Chemo

Question 1

Alkylating Agents

Answer 1

Nitrogen Mustards (Cyclophosphamide/Cytoxan)

Nitrosureas (Carmustine)

Platinum Compounds (Cisplatin/Carboplatin)

Question 2

Alkylating Platinum Compounds:

MOA:

Answer 2

Alkylating Platinum Compounds:

MOA: Do not have an alkyl group, cross link guanine bases in DNA with different structural elements (platinum atom, two amines, two chlorides)

Question 3

Alkylating Agents

toxicities:

Answer 3

Alkylating Agents

toxicities:

1. Bone Marrow Suppression

• biggest concern
• neutropenia, hemolytic aneima, thrombocytopenia

2. Mucositis
   * worry with airway manipulation/instrumentation

3. Skeletal Muscle Weakness

4. Seizures

5. Pneumonitis & Pulm.

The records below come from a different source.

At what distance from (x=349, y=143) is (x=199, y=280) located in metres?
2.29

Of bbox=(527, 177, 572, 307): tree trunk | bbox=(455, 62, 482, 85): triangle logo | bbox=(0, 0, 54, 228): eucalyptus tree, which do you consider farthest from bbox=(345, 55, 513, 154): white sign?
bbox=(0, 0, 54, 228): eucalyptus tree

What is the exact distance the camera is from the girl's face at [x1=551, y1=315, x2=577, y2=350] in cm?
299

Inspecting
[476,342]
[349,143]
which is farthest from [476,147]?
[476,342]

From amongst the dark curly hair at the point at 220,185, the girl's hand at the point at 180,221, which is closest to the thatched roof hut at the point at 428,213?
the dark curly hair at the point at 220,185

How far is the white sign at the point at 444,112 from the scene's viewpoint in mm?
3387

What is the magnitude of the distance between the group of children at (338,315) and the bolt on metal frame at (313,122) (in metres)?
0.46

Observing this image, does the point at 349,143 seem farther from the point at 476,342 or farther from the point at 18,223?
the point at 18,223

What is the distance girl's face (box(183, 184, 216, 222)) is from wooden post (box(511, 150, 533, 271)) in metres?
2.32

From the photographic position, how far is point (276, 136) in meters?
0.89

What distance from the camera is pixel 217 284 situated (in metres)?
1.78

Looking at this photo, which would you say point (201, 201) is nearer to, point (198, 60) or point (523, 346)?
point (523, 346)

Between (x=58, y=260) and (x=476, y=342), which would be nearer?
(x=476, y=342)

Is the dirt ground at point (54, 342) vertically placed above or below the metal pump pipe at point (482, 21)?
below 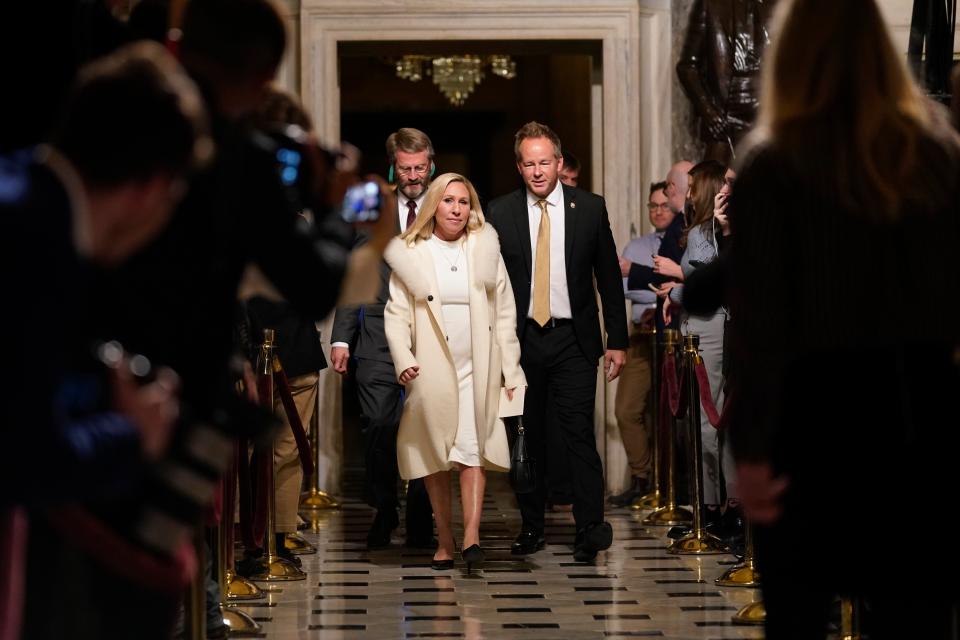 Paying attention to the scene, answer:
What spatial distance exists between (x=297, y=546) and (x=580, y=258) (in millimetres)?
2198

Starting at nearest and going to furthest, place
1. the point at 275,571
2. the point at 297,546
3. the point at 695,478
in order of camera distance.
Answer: the point at 275,571 < the point at 695,478 < the point at 297,546

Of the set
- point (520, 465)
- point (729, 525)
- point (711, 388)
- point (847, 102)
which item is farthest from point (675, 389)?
point (847, 102)

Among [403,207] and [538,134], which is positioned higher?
[538,134]

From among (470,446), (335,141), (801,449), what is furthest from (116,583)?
(335,141)

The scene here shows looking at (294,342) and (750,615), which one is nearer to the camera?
(750,615)

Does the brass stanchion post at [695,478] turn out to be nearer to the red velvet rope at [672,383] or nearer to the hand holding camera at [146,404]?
the red velvet rope at [672,383]

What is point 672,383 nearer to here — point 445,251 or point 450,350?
point 450,350

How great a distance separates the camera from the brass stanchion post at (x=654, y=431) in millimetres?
9852

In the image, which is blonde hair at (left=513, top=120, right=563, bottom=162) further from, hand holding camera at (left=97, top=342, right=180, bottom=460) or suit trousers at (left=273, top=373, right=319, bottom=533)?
hand holding camera at (left=97, top=342, right=180, bottom=460)

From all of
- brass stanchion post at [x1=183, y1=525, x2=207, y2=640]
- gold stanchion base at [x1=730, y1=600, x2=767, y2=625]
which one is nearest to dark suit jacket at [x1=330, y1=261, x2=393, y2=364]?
gold stanchion base at [x1=730, y1=600, x2=767, y2=625]

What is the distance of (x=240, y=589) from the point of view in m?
6.78

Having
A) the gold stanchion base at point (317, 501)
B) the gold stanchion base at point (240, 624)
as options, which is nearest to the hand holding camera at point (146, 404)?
the gold stanchion base at point (240, 624)

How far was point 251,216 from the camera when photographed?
2.80m

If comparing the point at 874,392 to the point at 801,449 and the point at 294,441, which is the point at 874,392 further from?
the point at 294,441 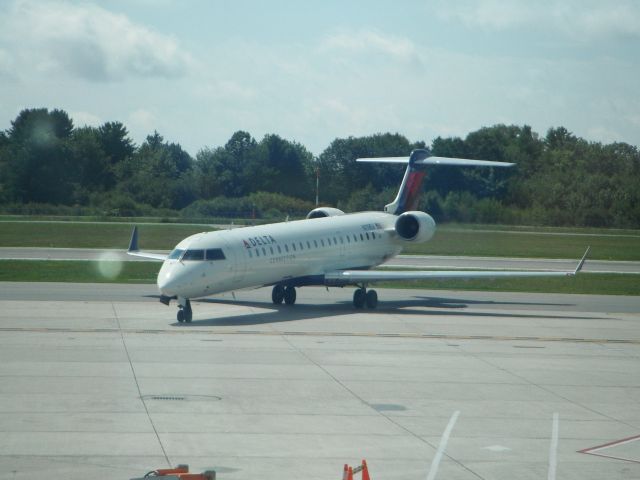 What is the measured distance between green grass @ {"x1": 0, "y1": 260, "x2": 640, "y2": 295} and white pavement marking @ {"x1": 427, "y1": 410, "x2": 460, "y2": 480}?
25.5 m

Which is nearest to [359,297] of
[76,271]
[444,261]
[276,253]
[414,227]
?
[276,253]

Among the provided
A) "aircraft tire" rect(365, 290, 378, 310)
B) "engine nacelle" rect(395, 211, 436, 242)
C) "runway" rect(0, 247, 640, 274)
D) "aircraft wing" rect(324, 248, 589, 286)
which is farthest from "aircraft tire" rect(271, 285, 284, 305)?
"runway" rect(0, 247, 640, 274)

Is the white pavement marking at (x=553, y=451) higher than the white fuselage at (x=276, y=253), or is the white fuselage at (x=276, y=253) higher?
the white fuselage at (x=276, y=253)

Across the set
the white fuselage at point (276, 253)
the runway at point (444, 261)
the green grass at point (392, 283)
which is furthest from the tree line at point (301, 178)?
the white fuselage at point (276, 253)

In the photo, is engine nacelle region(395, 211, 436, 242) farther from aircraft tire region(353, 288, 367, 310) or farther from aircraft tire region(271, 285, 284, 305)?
aircraft tire region(271, 285, 284, 305)

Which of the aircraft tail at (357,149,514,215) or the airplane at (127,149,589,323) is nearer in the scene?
the airplane at (127,149,589,323)

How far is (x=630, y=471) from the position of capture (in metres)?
13.2

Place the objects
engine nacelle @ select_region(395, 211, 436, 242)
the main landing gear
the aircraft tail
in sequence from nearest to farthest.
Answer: the main landing gear → engine nacelle @ select_region(395, 211, 436, 242) → the aircraft tail

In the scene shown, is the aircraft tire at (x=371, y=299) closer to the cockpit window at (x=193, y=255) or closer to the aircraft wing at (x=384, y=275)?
the aircraft wing at (x=384, y=275)

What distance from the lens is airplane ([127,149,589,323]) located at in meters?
28.5

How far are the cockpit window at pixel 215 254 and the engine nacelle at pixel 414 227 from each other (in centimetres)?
1035

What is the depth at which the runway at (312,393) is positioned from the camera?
13375mm

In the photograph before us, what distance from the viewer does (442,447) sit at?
14.2 m

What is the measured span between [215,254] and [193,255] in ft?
2.35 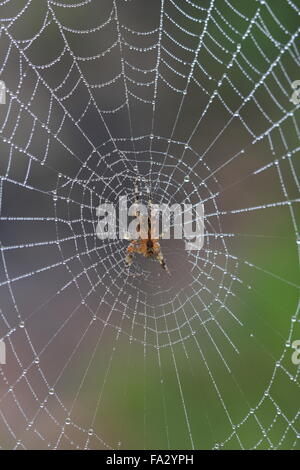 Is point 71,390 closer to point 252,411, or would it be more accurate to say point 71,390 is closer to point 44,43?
point 252,411

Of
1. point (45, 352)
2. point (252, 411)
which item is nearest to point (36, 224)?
point (45, 352)

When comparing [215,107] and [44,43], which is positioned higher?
[44,43]

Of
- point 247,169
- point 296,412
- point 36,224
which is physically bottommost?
point 296,412

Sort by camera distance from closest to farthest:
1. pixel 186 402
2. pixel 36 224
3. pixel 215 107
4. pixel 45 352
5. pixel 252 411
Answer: pixel 252 411 < pixel 186 402 < pixel 45 352 < pixel 215 107 < pixel 36 224

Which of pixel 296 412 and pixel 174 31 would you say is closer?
pixel 296 412

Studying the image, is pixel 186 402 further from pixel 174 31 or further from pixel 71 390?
pixel 174 31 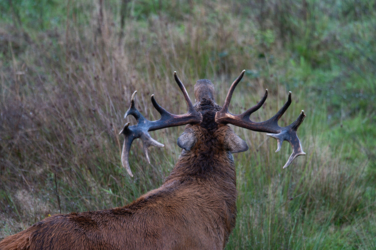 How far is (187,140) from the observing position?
3.36 meters

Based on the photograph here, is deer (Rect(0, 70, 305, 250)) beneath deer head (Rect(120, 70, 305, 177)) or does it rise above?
Answer: beneath

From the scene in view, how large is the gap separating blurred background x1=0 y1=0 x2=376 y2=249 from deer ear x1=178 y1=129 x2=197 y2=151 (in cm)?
101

Fibrosis

• 1% fibrosis c cyclophosphamide
• 20-30% carmustine

6. SIADH

7. Uric Acid Nephropathy

8. Impaired Pseudocholinesterase

• concern with succinylcholine

9. Nephropathy -> CISPLATIN

10. Peripheral Neuropathy -> Oxaliplatin

Question 4

Carmustine Toxicity

Answer 4

Carmustine Toxicity

Pulmonary Toxicity = 20-30%

Mortality = 24-90% similar to bleomycin

Question 5

Impaired Psuedocholinesterase with alkylating agents

Answer 5

Can last 2-3 weeks!

Affects succinylcholine, mivacurium, esmolol, remifentanil

Question 6

Cisplatin:

1. Dose Limiting Toxicities
2. Prevention:

Answer 6

Cisplatin:

Dose Limiting Toxicities

Nephropathy:

• cumulative!
• dose-limiting
• Early signs = potassium and magneisum wasting and decrease GFR

To Prevent:

• Hydration
• Supplemental electrolytes
• May be on furosemide and/or mannitol to prevent

Question 7

Oxiplatin

Dose Limiting Toxicities:

Answer 7

Oxiplatin

Dose Limiting Toxicities:

Peripheral Neuropathy

• Dose-limiting effect.
• Presents as tingleing around mouth, fingers, toes.
• Avoid cold contact.

Question 8

Anti-Metabolite Agents

Answer 8

Methotrexate (Folic Acid)

Fluorouracil (Pyrimidine)

Mercaptopurine (Purine)

Question 9

Methotrexate

MOA:

Answer 9

Methotrexate:

MOA: Binds to dihydrofolate reductase, prevents reduction of FH2 to FH2 and prevent synthesis of DNA nucleotides.

Normal pathway of Folate:

Folate -> FH2 -> FH4 by enzyme: dihydrofolate reductase.

Question 10

Methotrexate

Toxicities

Answer 10

Methotrexate

Toxicities

1. Fulminant pumlonary fibrosis,

• non cardiogenic pulmonary edema
• 8%

2. Neutropenia & Thrombocytopenia

3. Mucositis & GI ulceration

4. Renal Toxicity (10%)

• usually permanent

5. Hepatic Toxicity

• can be reversible

Question 11

Fluorouracil

MOA:

Answer 11

Fluorouracil

MOA:

Inhibits thymidilate synthesase. Which inhibits nucleotide production ->

end result: inhibits DNA synthesis

Question 12

Fluorouracil

Toxicities:

Answer 12

Fluorouracil

Toxicities:

1. Increased risk for MI for 1 week after administration

• delay surgery if possible
  2. Myelosuppresion
• leukopenia, thrombocytopenia, anemia
  3. Alopecia
  4. Neurological Defects
• Ataxia - cerebellum
  5. GI toxicity
• d/c if stomatitis, mucositis, diarrhea
• Patients at risk for GI ulceration and perforation

6. Hand-and-Foot Syndrome
   * tingling, redness, burning, flaking, swelling, blistering of palms and toes

Question 13

Topoisomerase Inhibitor Agents

Answer 13

Anthracyclines: Doxorubicin, Daunorubicin

Non-anthracyclines: Bleomycin

Question 14

Topoisomerase Inhibitors - Anthracyclines

MOA:

Answer 14

Topoisomerase Inhibitors - Anthracyclines

MOA:

Anthracyclines; Doxorubicin, Daunorubicin:

Inhibtion of topoisomerase I and II and intercalation with DNA -> double strand DNA breaks and inhibtion of DNA & RNA synthesis (inhibtion of DNA replication)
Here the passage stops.